Introduction

Rainfall patterns in recent years are different from past decades because of climate change. In Korea, rainfall patterns used to show a general tendency for continuous rain during the summer rainy season. However, recent rainfall patterns are changing to a tendency for heavy rain over small areas for a short period of time. Such abundant and intense rainfall over localized areas can, however, cause natural disasters. In the case of landslides, their occurrence tends to increase because of a rapid reduction in ground stability when intense rainfall is delivered over a small area within a short time. The fact that rainfall affects the stability of landslides has been well established by previous research, and has been proven both experimentally and theoretically (Chae et al., 2016; Kim and Shin, 2016; Cho, 2017; Choi, 2017; Seo et al., 2017; Choi, 2018).
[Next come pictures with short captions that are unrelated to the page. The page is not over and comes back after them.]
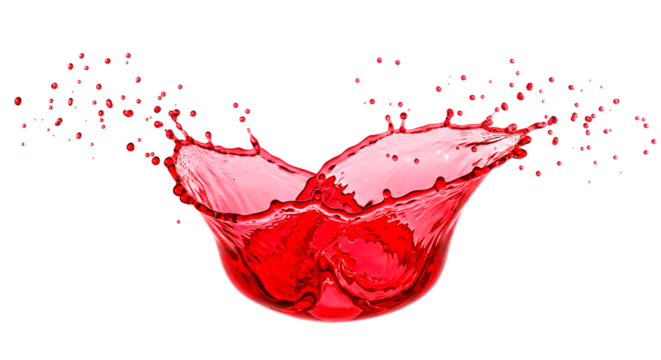 Red splash of juice or liquid forming dynamic arc with droplets isolated on white background, ideal for beverage branding, juice ads, cosmetic splashes, and creative splash artwork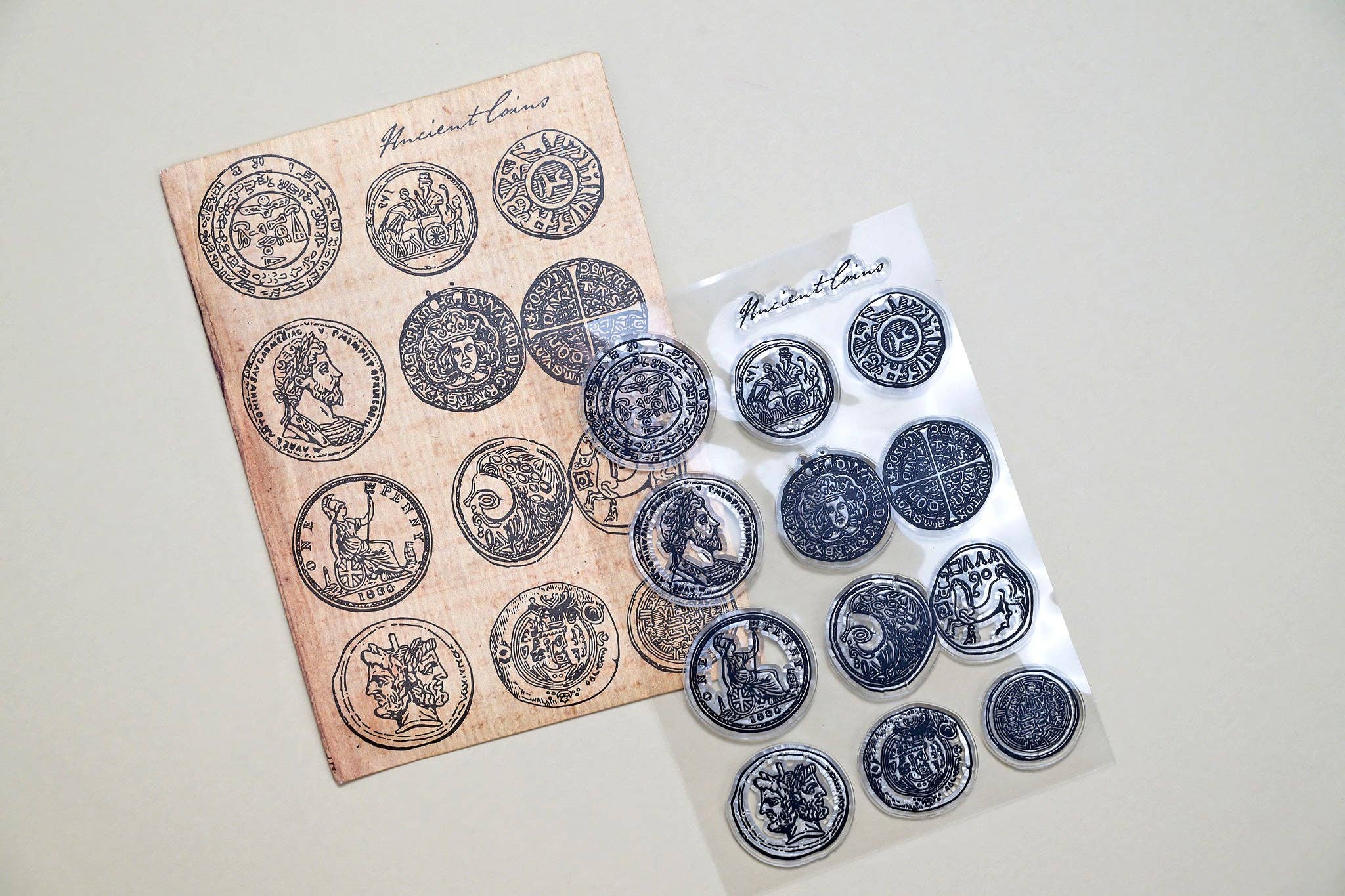 CoraCreaCrafts - Wholesale Rubber/Decorative Stamp - Ancient Coins Clear Stamp1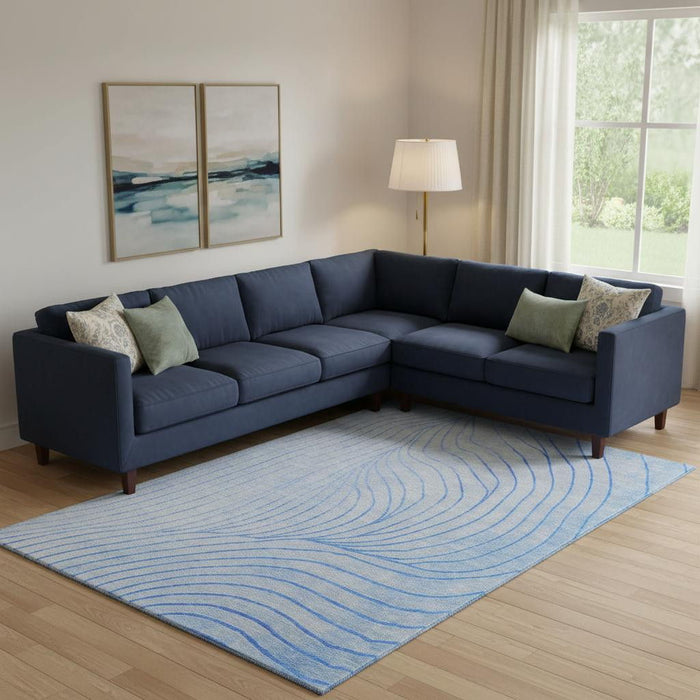 10' X 14' Abstract Washable Area Rug With UV Protection (718097) - Blue / Silver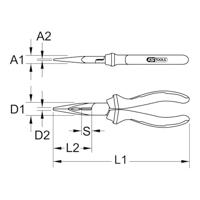 KS Tools 1171118 Platte rondbektang Recht Gereedschapsstaal 215 mm - thumbnail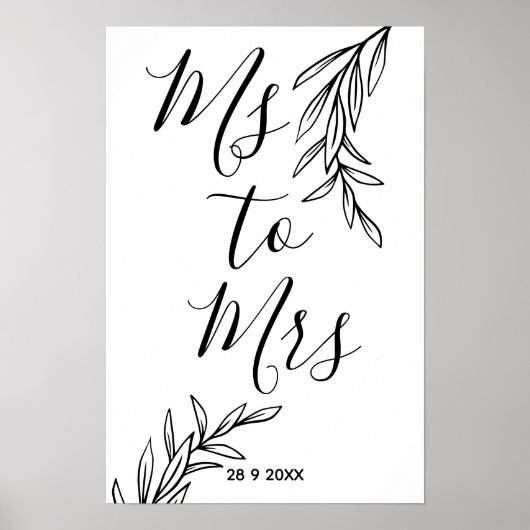 Frau Floral Frau Brautparty Poster (Vorne)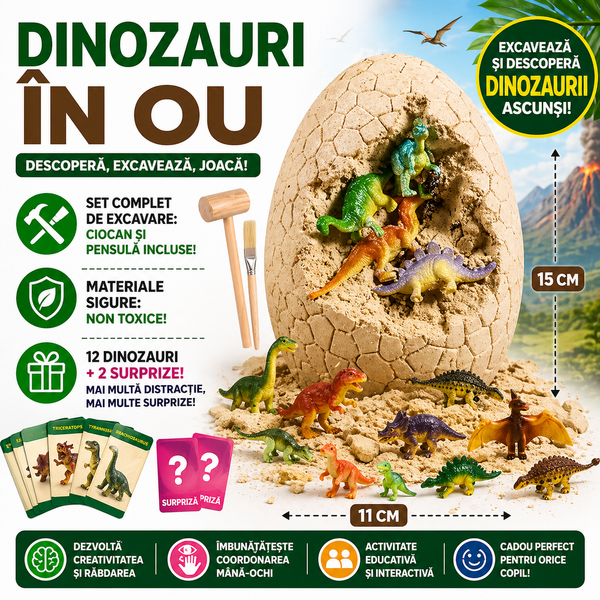 Set de Explorare Oua de Dinozaur - cu Excavare pentru Copii, Jucarie Educativa si Interactiva, +3 Ani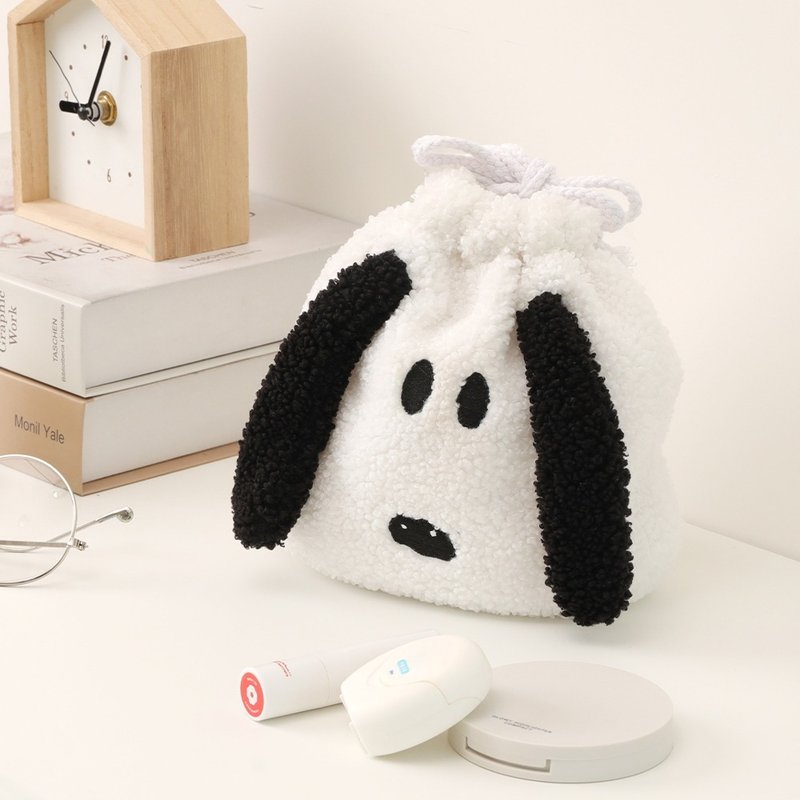 Peanuts史努比絨毛造型束口袋 QQ大臉-Snoopy正版授權收納袋 - 束口袋/束口背包/水桶包 - 聚酯纖維 多色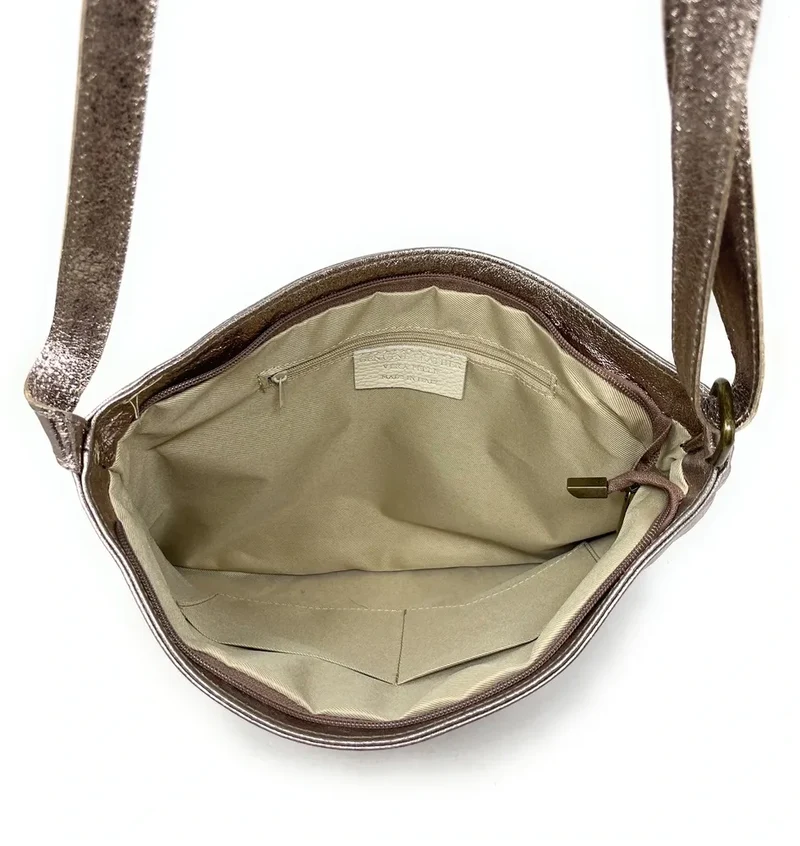 Sac bandoulière en cuir irisé COQUETTE GLOW Champagne irisé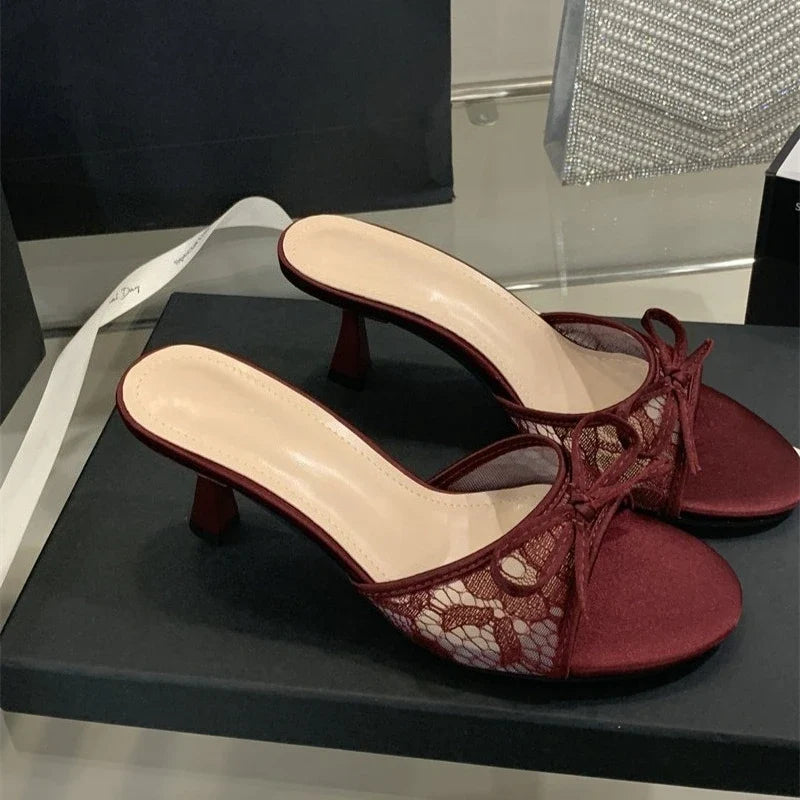 Summer Women Net Butterfly-knot Slippers Fashion Cover Pointed Toe Slip On Mules Shoes Thin High Heel Ladies Elegant Slides Pump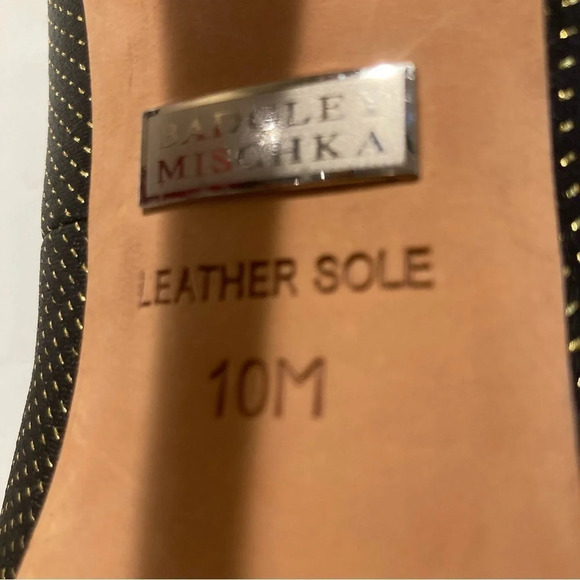 BADGLEY MISCHKA Sz 10 Jewelled Diamond Toe Cap Gold Specs 5”  Heels Pumps - Picture 10 of 13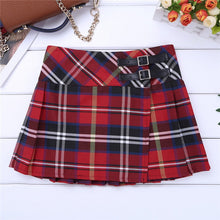 Load image into Gallery viewer, 4-14 Years Fashion Pleated Side Split Plaid Kids Girls  A-line Skirt Tartan Kilt with Faux Leather Buckle School Girls Skirt - CosCouture
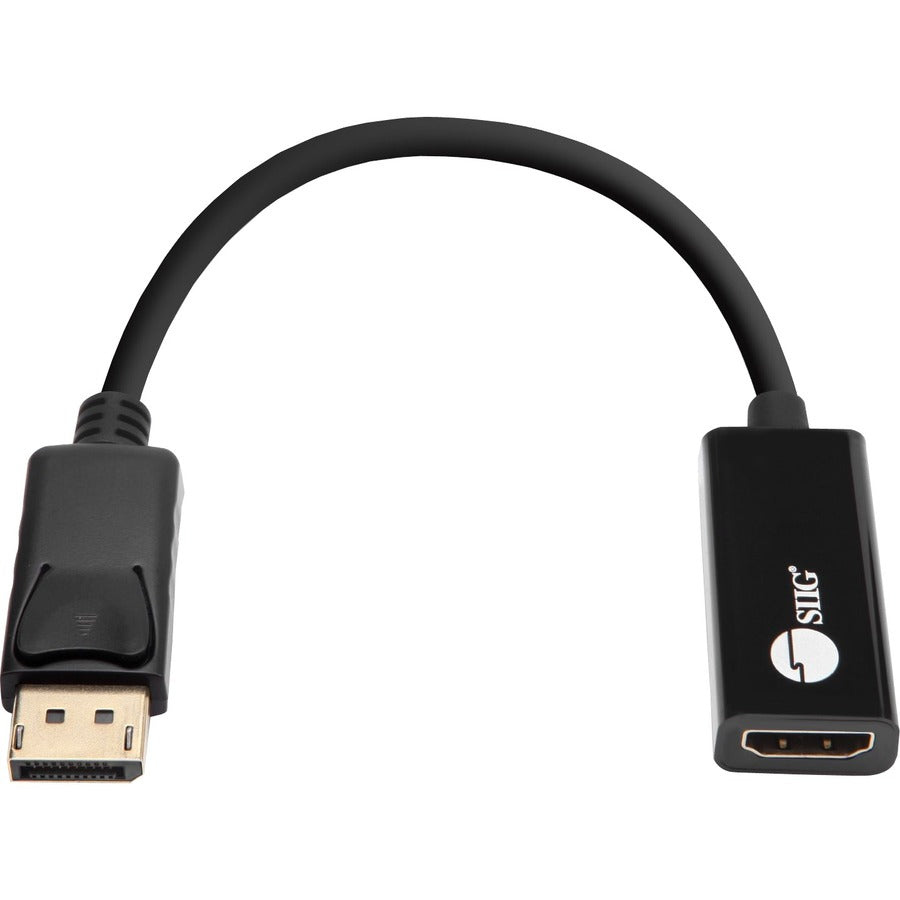 SIIG DisplayPort to HDMI Adapter 4K/30Hz - 1 x 20-pin DisplayPort Digital Audio/Video Male - 1 x 19-pin HDMI Digital Audio/Video Female - 3840 x 2160 Supported - Black - CB-DP1T12-S1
Many recent landslides in Korea have been caused by concentrated localized rainfall, resulting in significant damage. At Yeoju city in Gyeonggi Province in July 2013, rainfall exceeded 330 mm per day. Rainfall intensity exceeded 100 mm/h. Resulting landslides damaged houses and rice fields in the Hadari area of Yeoju. At the entrance of a narrow valley, rainfall intensity of >100 mm/h led to slope failure. A debris flow generated by landslides flowed into paddy fields located 100 m from the village. A large amount of soil was transported. As observed during the field survey, a greenhouse at the valley entrance was covered with soil carried by the debris flow to a height of about 1 m. In the small valleys joining the main valley, landslides transported large amounts of soil.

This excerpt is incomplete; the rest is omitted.